In the Western imagination, Bangladesh is more likely to conjure up images of human and environmental disasters than of quality tropical architecture. Two years ago, the Rohingya exodus was just another in a long list of catastrophes that had punctuated the history of a country with a population greater than that of Russia and a land area barely larger than that of Greece.
And yet, since Bengal Stream, the exhibition organized at SAM (Basle) by Niklaus Graber and Andreas Ruby, the name of this country has come to signify something else. Although the threat of rising sea levels with the potential to engulf a large part of the overpopulated delta region is real, it is counterbalanced by the image of a society that has found in architecture a way to reduce the environmental challenges it faces.
Bangladesh’s tumultuous history – its bloody war of independence still haunts – contrasts with the stories of those who have returned. There they discover an authentic architectural culture attesting to a contemporary awareness and enriched by vernacular principles. Understanding this expression of the local and the distant, the ancient and the modern in Bangladesh, requires a look back to colonial influence, in particular how the stratified architecture of this country was relegated in the first place, before being resurrected.

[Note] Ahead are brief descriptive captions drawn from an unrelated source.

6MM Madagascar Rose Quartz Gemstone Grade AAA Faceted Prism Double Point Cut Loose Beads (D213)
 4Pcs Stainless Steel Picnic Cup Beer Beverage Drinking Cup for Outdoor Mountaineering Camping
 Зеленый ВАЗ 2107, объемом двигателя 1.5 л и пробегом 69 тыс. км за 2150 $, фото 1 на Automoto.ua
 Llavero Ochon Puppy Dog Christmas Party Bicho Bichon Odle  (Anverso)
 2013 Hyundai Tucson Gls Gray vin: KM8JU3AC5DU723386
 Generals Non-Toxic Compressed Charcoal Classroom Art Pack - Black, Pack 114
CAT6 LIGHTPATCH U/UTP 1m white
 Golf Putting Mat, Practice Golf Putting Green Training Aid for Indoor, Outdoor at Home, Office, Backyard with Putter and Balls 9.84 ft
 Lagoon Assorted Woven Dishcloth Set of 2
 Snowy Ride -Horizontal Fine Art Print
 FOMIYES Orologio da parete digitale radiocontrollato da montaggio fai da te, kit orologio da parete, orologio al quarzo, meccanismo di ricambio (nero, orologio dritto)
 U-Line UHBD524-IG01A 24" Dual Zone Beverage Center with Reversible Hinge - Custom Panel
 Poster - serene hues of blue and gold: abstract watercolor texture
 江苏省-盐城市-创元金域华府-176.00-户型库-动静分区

Bangladesh’s architecture and its urbanism reflect its many centuries under colonial rule: from the conquest of Bengal in 1757 to its independence in 1971. The monuments, and particularly the layout of cities, indicate the introduction of an exogenous urban model, as well as the efforts made to integrate it and make it compatible with local construction practices. Even if conflict between the modern and the vernacular, the traditional and the functional is not limited to colonial societies, the underlying fact of cultural and economic dominance magnifies contrasts and oppositions.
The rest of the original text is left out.